Honors Director

 

Shana J. Brown is Associate Professor of History and Director of the Honors Program at the University of Hawai‘i at Mānoa. She has a BA summa cum laude from Amherst College, and a PhD in History from the University of California, Berkeley. Prof. Brown is a historian of science and culture in Asia, particularly modern China. Her research and teaching bring the sciences and humanities in conversation, foregrounding the contributions of Asian intellectuals, especially women, to modern science and academic life. Her goal is to build awareness and appreciation for the ethnic and gender diversity that underlays the many positive transformations of our modern world.

As a predoctoral fellow at the Max Planck Institute for the History of Science in Berlin, Prof. Brown began to research the values and practices of Asian visual culture and science, including how Chinese philosophical concepts regarding empiricism, humanism, and authenticity intersected with Western scientific practice. The result was her first book, Pastimes (University of Hawai‘i Press, 2011), which focuses on the emergence of modern Chinese social science in the early 20th century.

Her international reputation as a specialist in Asian science and culture, as well as fine art and visual media, has resulted in invitations to speak in France, the UK, Japan, China, and Germany, as well as a forthcoming publication of Pastimes in Chinese by Zhejiang University Press.

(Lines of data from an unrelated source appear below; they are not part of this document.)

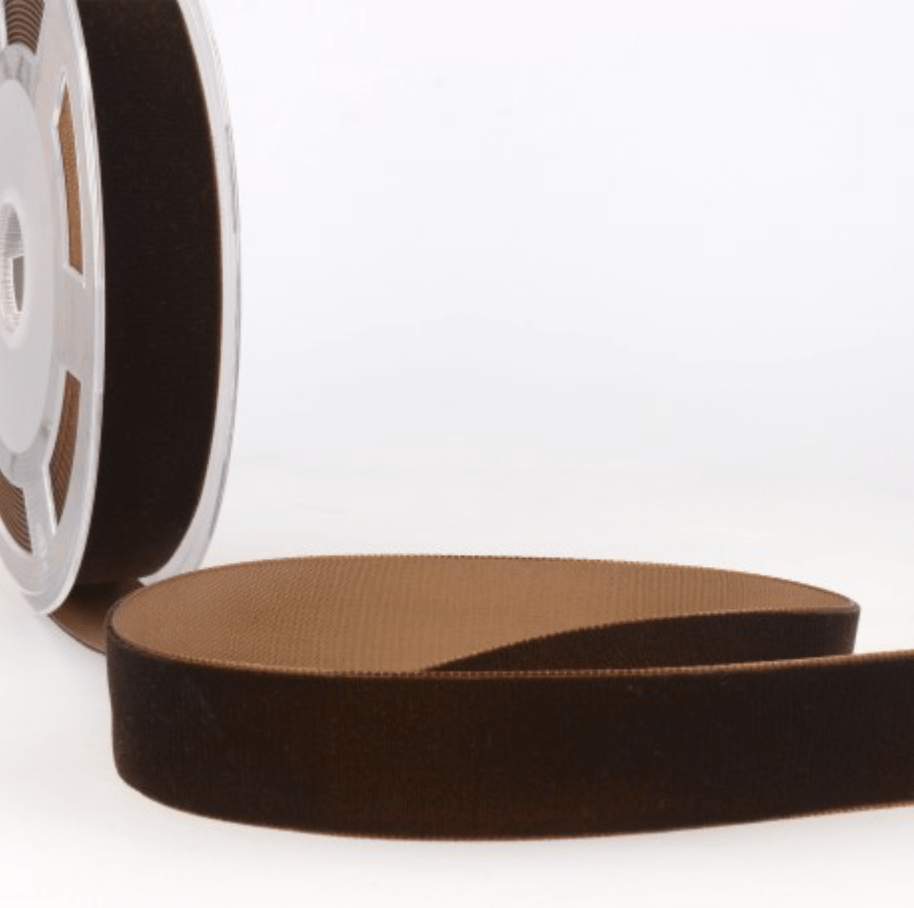 Brown velvet ribbon on a spool, with a portion unrolled.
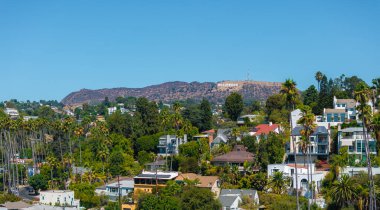 Görüntü, Los Angeles 'taki berrak mavi gökyüzünün altında yeşil ve modern mimari evlerle çevrili tepelerdeki Hollywood tabelasını yakalıyor..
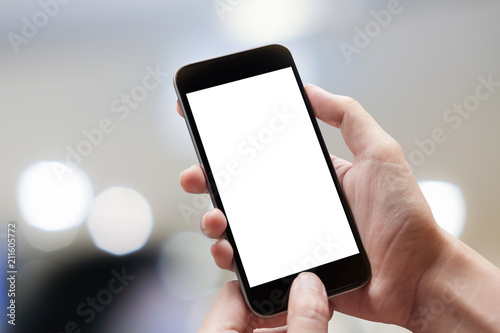 Woman hand holding smartphone with blur bokeh. Blank screen mobile phone for graphic display montage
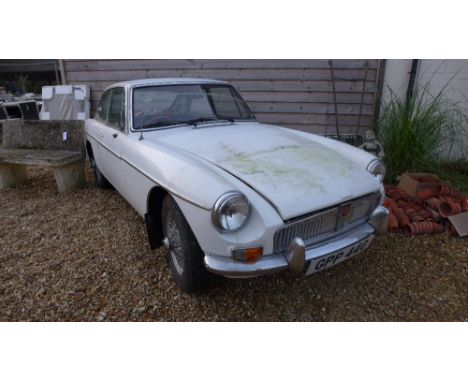 An MGB GT petrol two door hatch back Sports Car with chrome wire wheels and manual gearbox - Registration number: GPP 44G - M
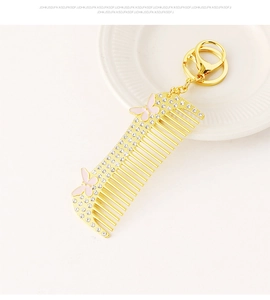 Detail of a vintage golden comb keychain with sparkling rhinestones and pink butterflies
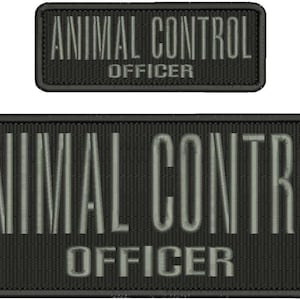 May include: Two black embroidered patches. The larger patch reads "ANIMAL CONTROL OFFICER" in white block letters. The smaller patch has the same text. Both patches have a black border.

Prof. Brown is now underway on two research projects. The first focuses on women intellectuals in modern China, examining the contributions of artists, scientists, writers, and social thinkers from the early 1800’s to today. She is also working on a book project on the technology and political uses of photography in wartime China, with one book chapter published, and a completed manuscript planned for summer 2025.

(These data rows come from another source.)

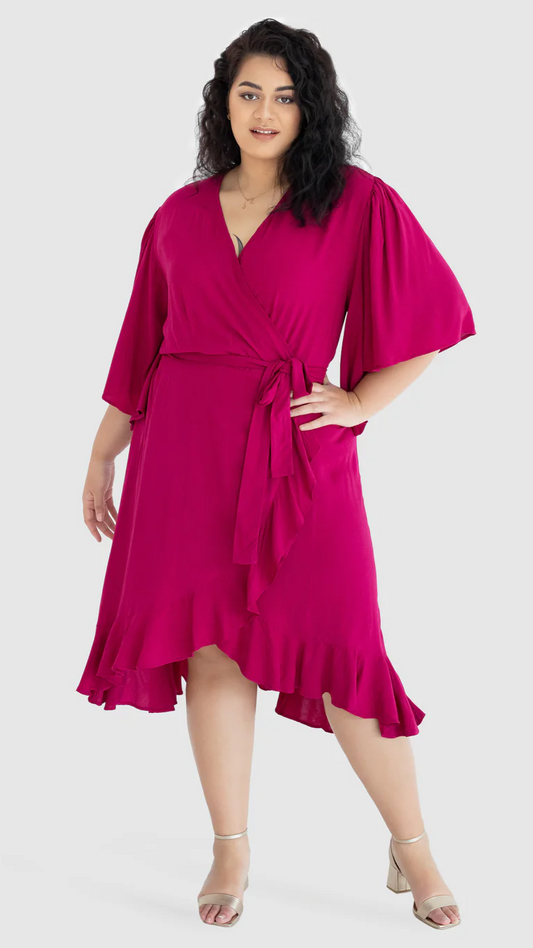 Gabrielle Wrap Dress:  The Gabrielle dress is a truly stunning offering. It features beautiful ruffles to the front and graceful, full-length sleeves, for a delicate, and timeless silhoue - Ciao Bella Dresses 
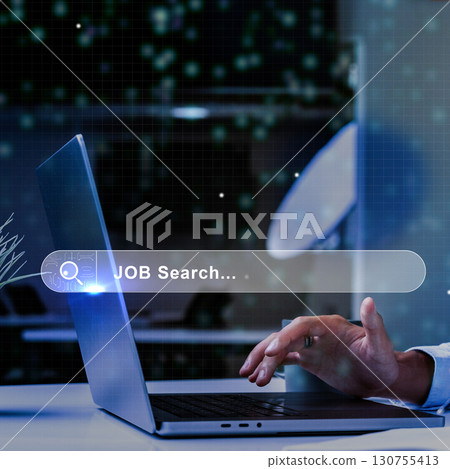 Person using laptop for job search in modern workspace during evening hours with digital interface elements 130755413
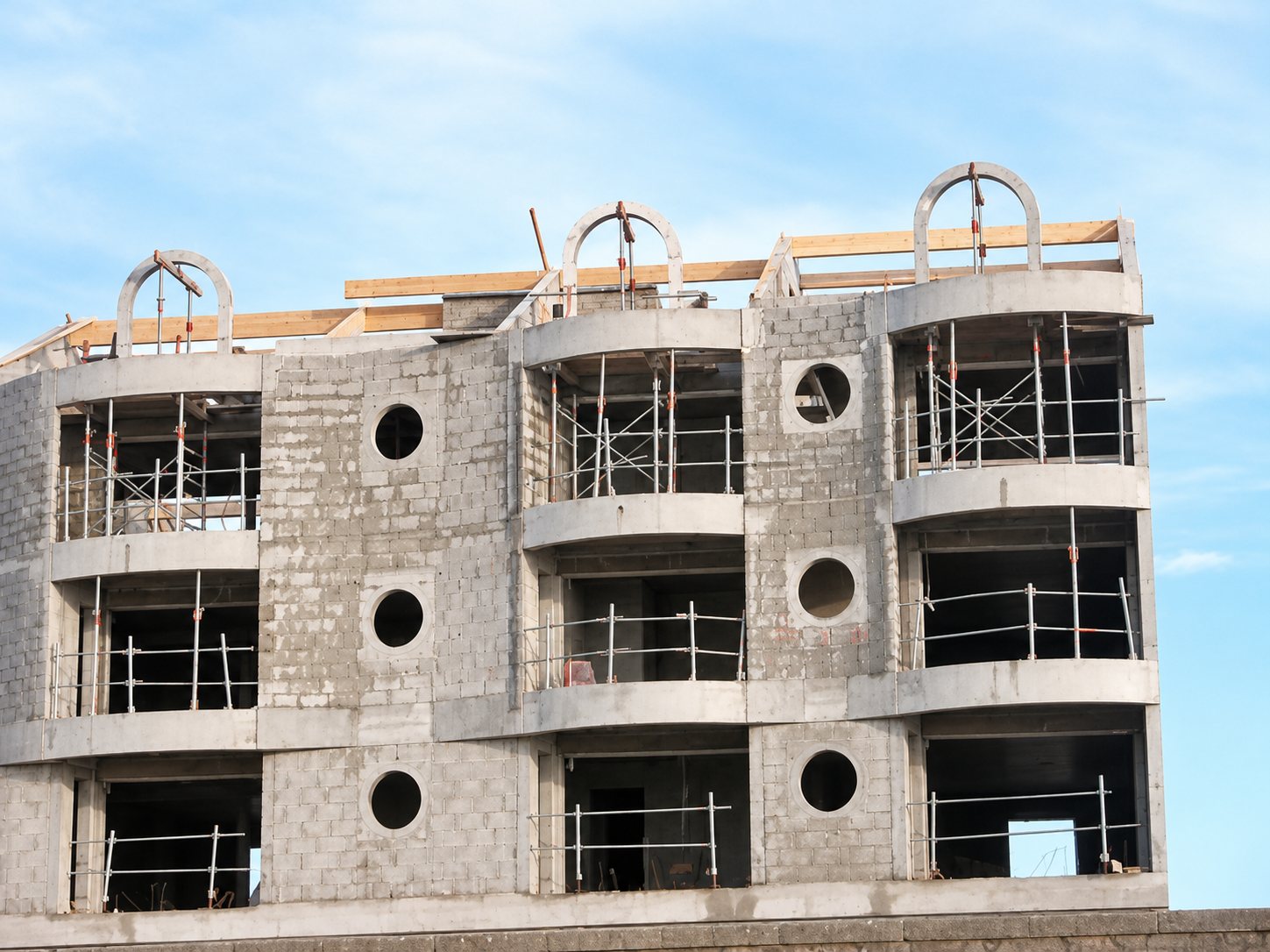 Façade d'un immeuble de quatre étages en construction, avec balcons courbes, échafaudages, fenêtres rondes et arches en métal sur le toit, sous un ciel clair.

More recently she has begun a new project on the history of infectious disease in the context of US-China relations. This project has developed out of her recent development of the popular course HIST156: World History of Human Disease. Focusing on how disease is a social, political, and cultural event, the class brings a transnational and comparative viewpoint to examine the transformative potential of infectious disease in our collective imagining of a better future.